Created By : Jatin Gogia
Reviewed By : Rajasekhar Valipishetty
Last Updated : Apr 06, 2023
HCF Calculator using the Euclid Division Algorithm helps you to find the Highest common factor (HCF) easily for 20, 28, 900 i.e. 4 the largest integer that leaves a remainder zero for all numbers.

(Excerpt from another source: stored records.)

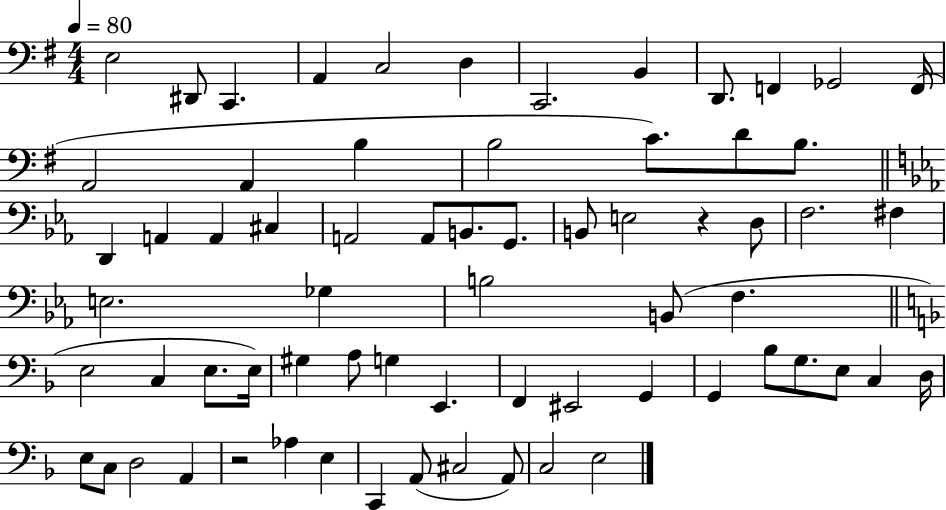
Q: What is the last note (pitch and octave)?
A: E3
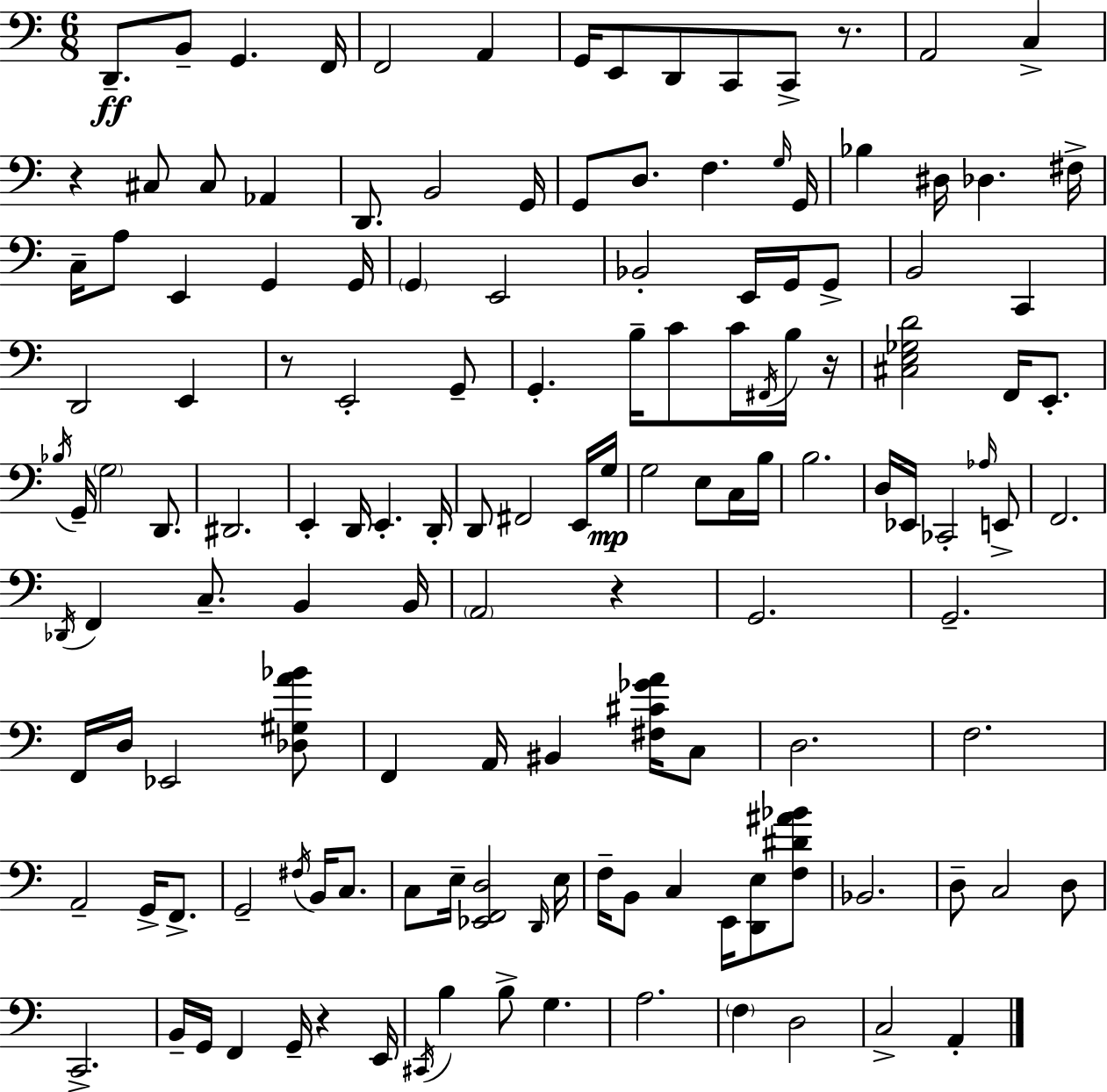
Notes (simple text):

D2/e. B2/e G2/q. F2/s F2/h A2/q G2/s E2/e D2/e C2/e C2/e R/e. A2/h C3/q R/q C#3/e C#3/e Ab2/q D2/e. B2/h G2/s G2/e D3/e. F3/q. G3/s G2/s Bb3/q D#3/s Db3/q. F#3/s C3/s A3/e E2/q G2/q G2/s G2/q E2/h Bb2/h E2/s G2/s G2/e B2/h C2/q D2/h E2/q R/e E2/h G2/e G2/q. B3/s C4/e C4/s F#2/s B3/s R/s [C#3,E3,Gb3,D4]/h F2/s E2/e. Bb3/s G2/s G3/h D2/e. D#2/h. E2/q D2/s E2/q. D2/s D2/e F#2/h E2/s G3/s G3/h E3/e C3/s B3/s B3/h. D3/s Eb2/s CES2/h Ab3/s E2/e F2/h. Db2/s F2/q C3/e. B2/q B2/s A2/h R/q G2/h. G2/h. F2/s D3/s Eb2/h [Db3,G#3,A4,Bb4]/e F2/q A2/s BIS2/q [F#3,C#4,Gb4,A4]/s C3/e D3/h. F3/h. A2/h G2/s F2/e. G2/h F#3/s B2/s C3/e. C3/e E3/s [Eb2,F2,D3]/h D2/s E3/s F3/s B2/e C3/q E2/s [D2,E3]/e [F3,D#4,A#4,Bb4]/e Bb2/h. D3/e C3/h D3/e C2/h. B2/s G2/s F2/q G2/s R/q E2/s C#2/s B3/q B3/e G3/q. A3/h. F3/q D3/h C3/h A2/q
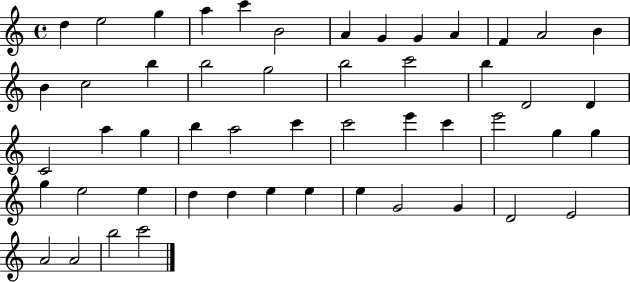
{
  \clef treble
  \time 4/4
  \defaultTimeSignature
  \key c \major
  d''4 e''2 g''4 | a''4 c'''4 b'2 | a'4 g'4 g'4 a'4 | f'4 a'2 b'4 | \break b'4 c''2 b''4 | b''2 g''2 | b''2 c'''2 | b''4 d'2 d'4 | \break c'2 a''4 g''4 | b''4 a''2 c'''4 | c'''2 e'''4 c'''4 | e'''2 g''4 g''4 | \break g''4 e''2 e''4 | d''4 d''4 e''4 e''4 | e''4 g'2 g'4 | d'2 e'2 | \break a'2 a'2 | b''2 c'''2 | \bar "|."
}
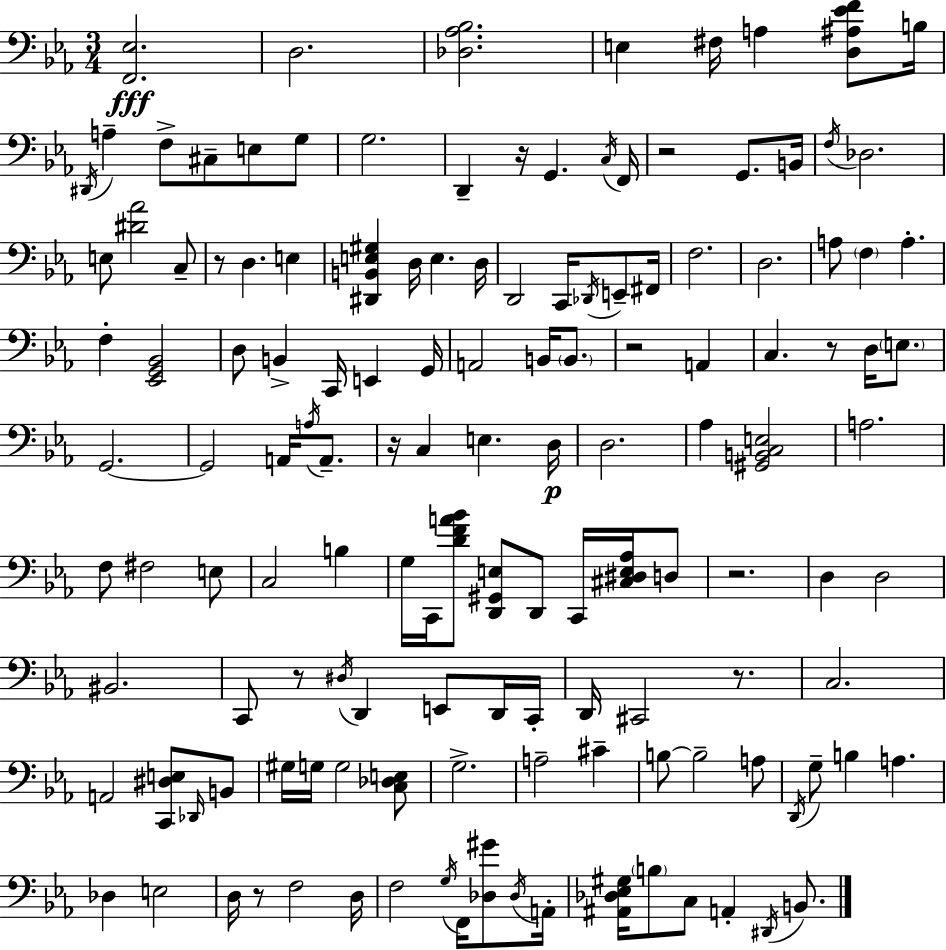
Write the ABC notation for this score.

X:1
T:Untitled
M:3/4
L:1/4
K:Eb
[F,,_E,]2 D,2 [_D,_A,_B,]2 E, ^F,/4 A, [D,^A,_EF]/2 B,/4 ^D,,/4 A, F,/2 ^C,/2 E,/2 G,/2 G,2 D,, z/4 G,, C,/4 F,,/4 z2 G,,/2 B,,/4 F,/4 _D,2 E,/2 [^D_A]2 C,/2 z/2 D, E, [^D,,B,,E,^G,] D,/4 E, D,/4 D,,2 C,,/4 _D,,/4 E,,/2 ^F,,/4 F,2 D,2 A,/2 F, A, F, [_E,,G,,_B,,]2 D,/2 B,, C,,/4 E,, G,,/4 A,,2 B,,/4 B,,/2 z2 A,, C, z/2 D,/4 E,/2 G,,2 G,,2 A,,/4 A,/4 A,,/2 z/4 C, E, D,/4 D,2 _A, [^G,,B,,C,E,]2 A,2 F,/2 ^F,2 E,/2 C,2 B, G,/4 C,,/4 [DFA_B]/2 [D,,^G,,E,]/2 D,,/2 C,,/4 [^C,^D,E,_A,]/4 D,/2 z2 D, D,2 ^B,,2 C,,/2 z/2 ^D,/4 D,, E,,/2 D,,/4 C,,/4 D,,/4 ^C,,2 z/2 C,2 A,,2 [C,,^D,E,]/2 _D,,/4 B,,/2 ^G,/4 G,/4 G,2 [C,_D,E,]/2 G,2 A,2 ^C B,/2 B,2 A,/2 D,,/4 G,/2 B, A, _D, E,2 D,/4 z/2 F,2 D,/4 F,2 G,/4 F,,/4 [_D,^G]/2 _D,/4 A,,/4 [^A,,_D,_E,^G,]/4 B,/2 C,/2 A,, ^D,,/4 B,,/2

HCF of 20, 28, 900 is 4 the largest number which exactly divides all the numbers i.e. where the remainder is zero. Let us get into the working of this example.
Consider we have numbers 20, 28, 900 and we need to find the HCF of these numbers. To do so, we need to choose the largest integer first and then as per Euclid's Division Lemma a = bq + r where 0 ≤ r ≤ b
Highest common factor (HCF) of 20, 28, 900 is 4.
HCF(20, 28, 900) = 4
Highest common factor or Highest common divisor (hcd) can be calculated by Euclid's algotithm.
Highest common factor (HCF) of 20, 28, 900 is 4.
Step 1: Since 28 > 20, we apply the division lemma to 28 and 20, to get
28 = 20 x 1 + 8
Step 2: Since the reminder 20 ≠ 0, we apply division lemma to 8 and 20, to get
20 = 8 x 2 + 4
Step 3: We consider the new divisor 8 and the new remainder 4, and apply the division lemma to get
8 = 4 x 2 + 0
The remainder has now become zero, so our procedure stops. Since the divisor at this stage is 4, the HCF of 20 and 28 is 4
Notice that 4 = HCF(8,4) = HCF(20,8) = HCF(28,20) .
We can take hcf of as 1st numbers and next number as another number to apply in Euclidean lemma
Step 1: Since 900 > 4, we apply the division lemma to 900 and 4, to get
900 = 4 x 225 + 0
The remainder has now become zero, so our procedure stops. Since the divisor at this stage is 4, the HCF of 4 and 900 is 4
Notice that 4 = HCF(900,4) .
Here are some samples of HCF using Euclid's Algorithm calculations.
1. What is the Euclid division algorithm?
Answer: Euclid's Division Algorithm is a technique to compute the Highest Common Factor (HCF) of given positive integers.
2. what is the HCF of 20, 28, 900?
Answer: HCF of 20, 28, 900 is 4 the largest number that divides all the numbers leaving a remainder zero.
3. How to find HCF of 20, 28, 900 using Euclid's Algorithm?
Answer: For arbitrary numbers 20, 28, 900 apply Euclid’s Division Lemma in succession until you obtain a remainder zero. HCF is the remainder in the last but one step.